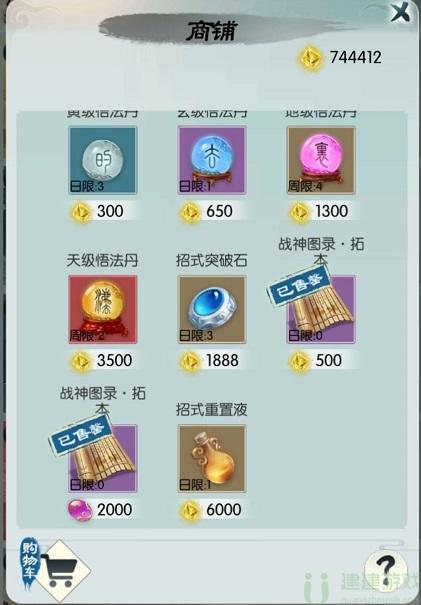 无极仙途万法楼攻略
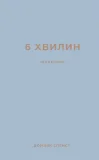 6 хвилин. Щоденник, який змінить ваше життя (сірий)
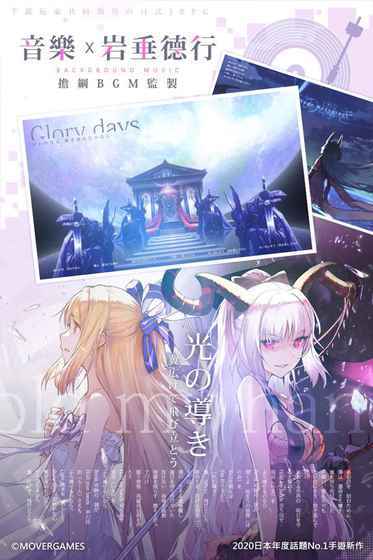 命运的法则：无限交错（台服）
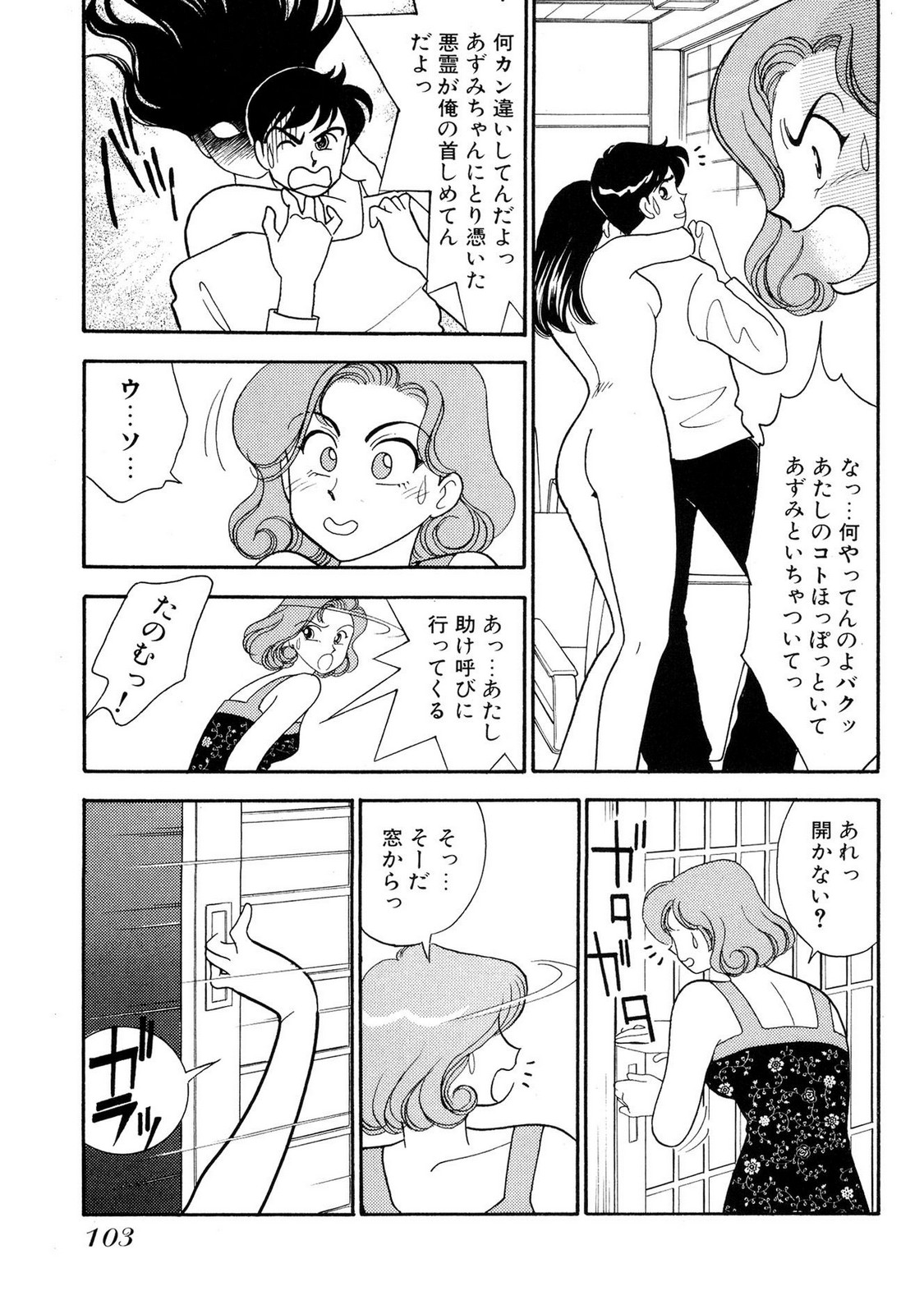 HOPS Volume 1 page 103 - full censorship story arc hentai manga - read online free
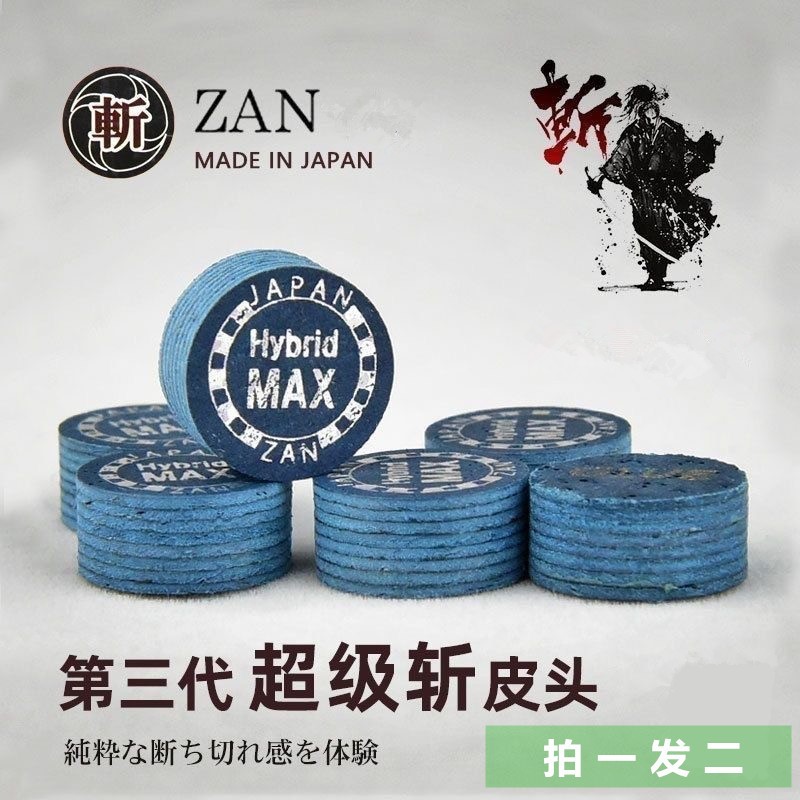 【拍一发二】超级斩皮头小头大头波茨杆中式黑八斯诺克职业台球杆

○ ○ ○ ○ ○

TASK TO COMPLETE
The data above should be set down again exactly, with the pictures omitted.

ANSWER FOR THE TASK
 无极仙途万法楼攻略
 6 хвилин. Щоденник, який змінить ваше життя (сірий)
 命运的法则：无限交错（台服）
 HOPS Volume 1 page 103 - full censorship story arc hentai manga - read online free
 【拍一发二】超级斩皮头小头大头波茨杆中式黑八斯诺克职业台球杆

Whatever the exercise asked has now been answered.